Reflection from Joel

Last Friday I got to sit with my five year old as he got his first shot of the Pfizer vaccine. This was a moment of hopefulness for me in the midst of another surge of this pandemic. The vaccine clinic was held at the elementary school gym and after their vaccination the kids were invited to sit at tables with coloring pages and crayons for the fifteen minutes. Coloring pages are the perfect thing for the after-shot release of energy and feeling! What was beautiful to me was the care that the school had put into making this possibility available to families like my own. And the attention to the kid’s experience that was there. It was another one of those moments when you feel the energy of people coming together for good.

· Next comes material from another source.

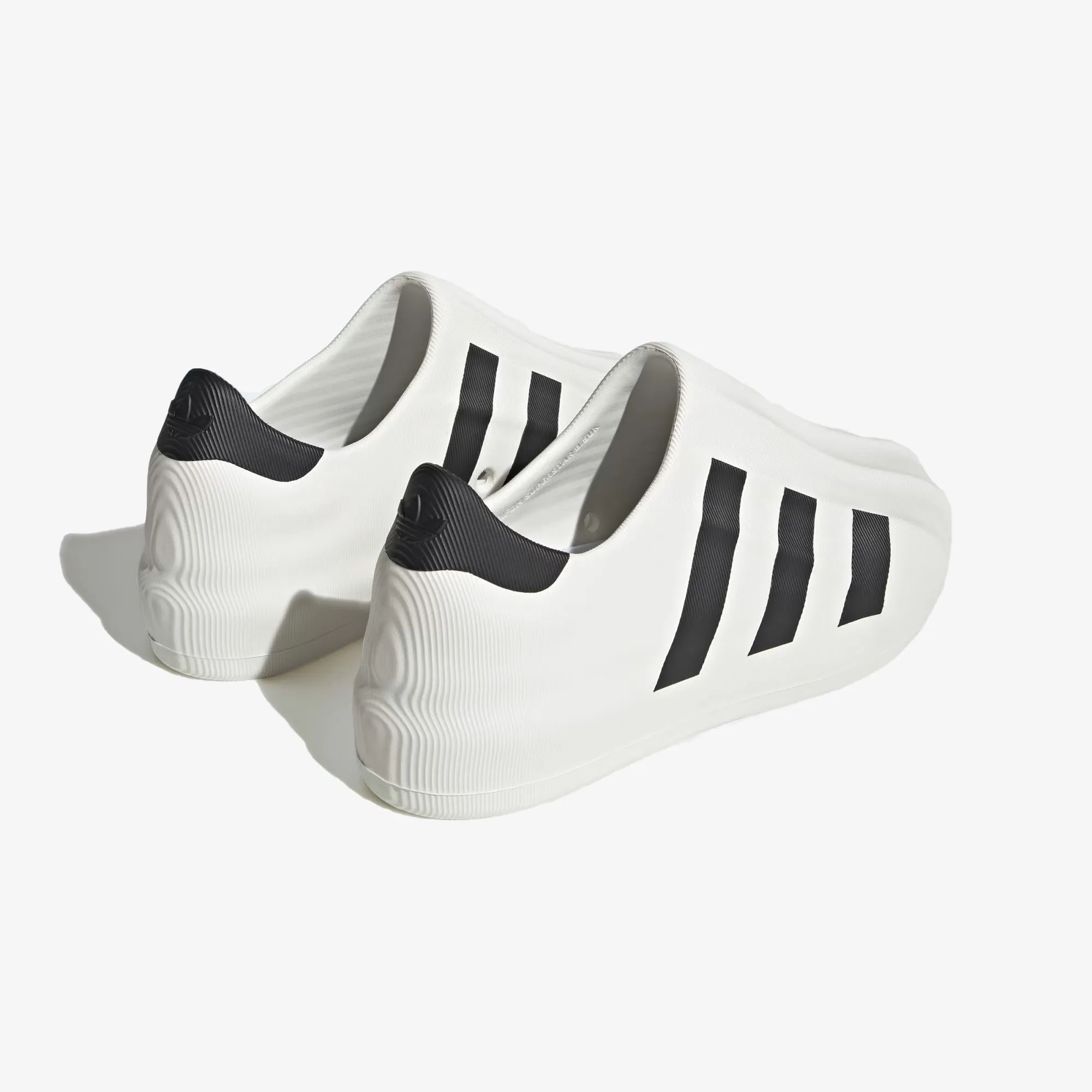 Adidas Originals | ADIFOM SUPERSTAR  { CORE WHITE/BLACK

This Thanksgiving is once again complicated by the pandemic – another surge threatening plans made when we were hopeful for a very different holiday this year. We can continue to be thankful for all the ways that people continue coming together for good – people here at HHH, people in the community, people around the world – rising to the call to help and care.

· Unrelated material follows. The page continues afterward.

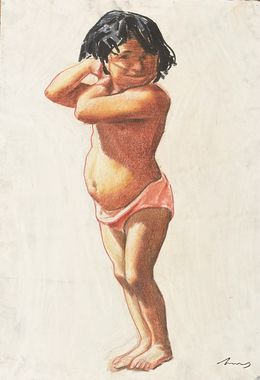 Dessin, Kid, Ilia Balavadze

And while we cannot be thankful for everything, we can, as Br. David Steindl-Rast reminds us, be thankful in every moment. He invites us into a simple and profound practice he calls, “Stop. Look. Go.” Here are his words:

Most of us — caught up in schedules and deadlines and rushing around, and so the first thing is that we have to stop, because otherwise we are not really coming into this present moment at all, and we can’t even appreciate the opportunity that is given to us, because we rush by, and it rushes by. So stopping is the first thing.

But that doesn’t have to be long. When you are in practice, a split second is enough — “stop.”

And then you look: What is, now, the opportunity of this given moment, only this moment, and the unique opportunity this moment gives? And that is where this beholding comes in.

And if we really see what the opportunity is, we must, of course, not stop there, but we must do something with it: Go. Avail yourself of that opportunity. And if you do that, if you try practicing that at this moment, tonight, we will already be happier people, because it has an immediate feedback of joy.

I always say, not — I don’t speak of the gift, because not for everything that’s given to you can you really be grateful. You can’t be grateful for war in a given situation, or violence or domestic violence or sickness, things like that. There are many things for which you cannot be grateful. But in every moment, you can be grateful.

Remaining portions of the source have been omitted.